Pensaba y pienso lo mismo que cavilaba en aquella comida en Canonges. Quim habría podido aprovechar su presidencia, aparentemente vicaria y con el tono freak que siempre lo había acompañado, para decir a los electores que habían puesto la cara el 1-O que con esta élite independentista no llegaríamos ni a la ronda de Dalt. Si hubiera abandonado su gesto de lloriquear, si hubiera creído de verdad que él presidía lo que decía presidir, Torra habría tenido la fuerza para hacerlo, y la gente lo hubiera seguido y creído porque habría visto que se dejaba la piel en sus convicciones sin hacerles perder el tiempo. Pero ya sabéis cómo ha acabado la cosa: Torra no ha querido nunca explicar la verdad, se ha limitado a hablar del derecho de autodeterminación como si estuviera en una reunión de Òmnium y se ha inventado solito una desobediencia playmobil colgando fuera de horas una pancartita para que la justicia española lo inhabilitara.

Quim, mi Quim, sabía y sabe perfectamente que la libertad no necesita ningún martirologio, y sabía y sabe perfectamente que España no ha hecho nada para apartarlo de una presidencia de la cual se ha largado solito. Gracias a la judicatura española, Quim podrá quedar como un mártir espumoso ante los abuelos del país, que lo aclamarán cuando viaje cargado de sus libros para hacer caja por los rincones de los Països Catalans cagándose en el sistema autonómico. Este será el mismo sistema que le garantizará una jubilación de oro, con coche oficial, pensión más que se digna y despachito presidencial, un retiro de virrey que no había soñado en su vida. Quim, en definitiva, se volverá todo lo que él mismo nos había dicho que odiaba y repudiaba cuando lo conocimos y, si ahora volviera a escribir artículos, firmaría todas y cada una de las palabras que os escribo mientras hace aquella mueca suya del llanto y se troncha de risa.

La Catalunya de Quim Torra es el punto final de un proceso a ninguna parte que ha acabado convirtiendo el independentismo en un simple acto de fe, de la tribu que ya no se cree ni sus propios anhelos y que vive contenta con una reprimenda del amo para poder llorar y torturarse la existencia. Esta Catalunya era la que Quim siempre había llorado, contra la cual había editado todos sus libros y el país que repudiaba cuando, todavía amigos, comíamos de vez en cuando suspirando que algún líder o movimiento político nos la sacara del encima. Me gustaría que nos volviéramos a ver, querido 131, porque estoy seguro de que cuando te diga todo esto a la cara me regalarás de nuevo tu rostro tan entrañable y llorón, como si el fraude de estos años de presidencia no fueran contigo y el inquilino de Sant Jaume hubiera sido otra persona y la culpa de todo fuera de los partidos catalanes y de su miseria.

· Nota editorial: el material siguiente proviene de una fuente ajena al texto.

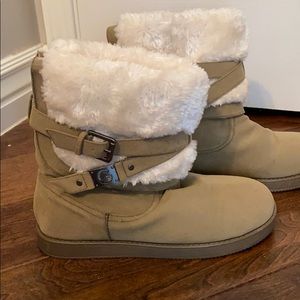 Guess Boots with faux fur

Veámonos algún día, querido Quim, y critiquemos este 131 que nos ha hecho perder tanto tiempo y nos ha vuelto a poner la miel en los labios para, finalmente, ofrecernos sólo una salvación personal bien escasa. Tengo ganas, de verdad. Ah, y tienes toda la razón del mundo. Reanudamos la idea de publicar alguna selección de mis artículos, porque dejarlos al albedrío de la red sería un pecado. Este de hoy lo pondremos seguro, que es de aquellos que hacen época, digno de antología. ¿No te sabe mal, verdad, amigo?